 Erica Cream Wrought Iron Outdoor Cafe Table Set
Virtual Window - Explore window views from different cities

--

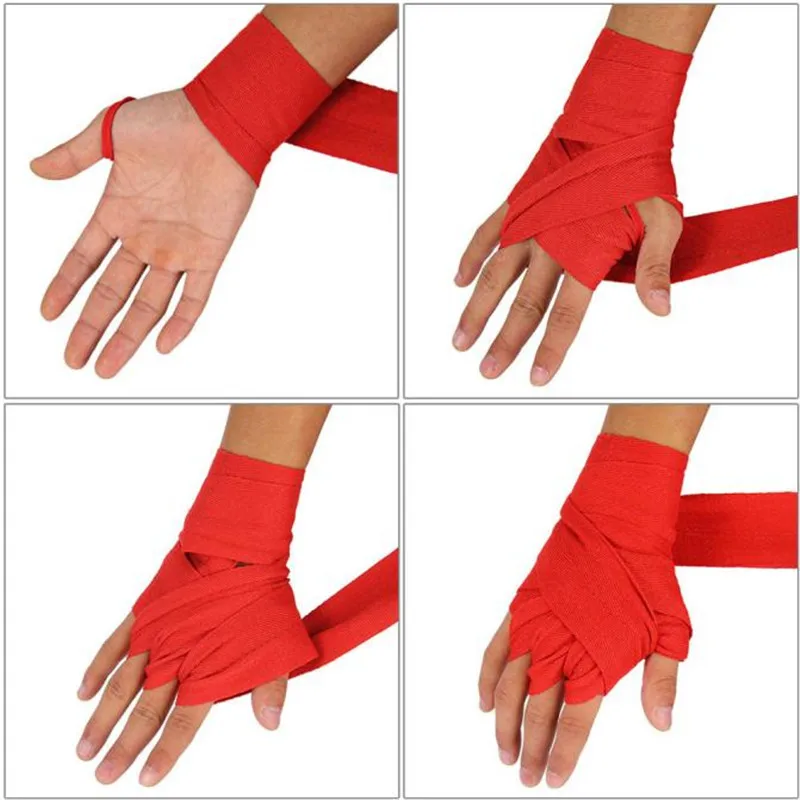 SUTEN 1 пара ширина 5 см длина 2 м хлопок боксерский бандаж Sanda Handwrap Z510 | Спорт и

...

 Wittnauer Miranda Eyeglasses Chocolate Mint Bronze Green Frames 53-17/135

_What you have to do_: Please give back, exactly as it stands above, the stretch from the line with "Erica Cream Wrought" through the line with "Virtual Window - Explore", and no line outside it.

_Response area_:
 Erica Cream Wrought Iron Outdoor Cafe Table Set
Virtual Window - Explore window views from different cities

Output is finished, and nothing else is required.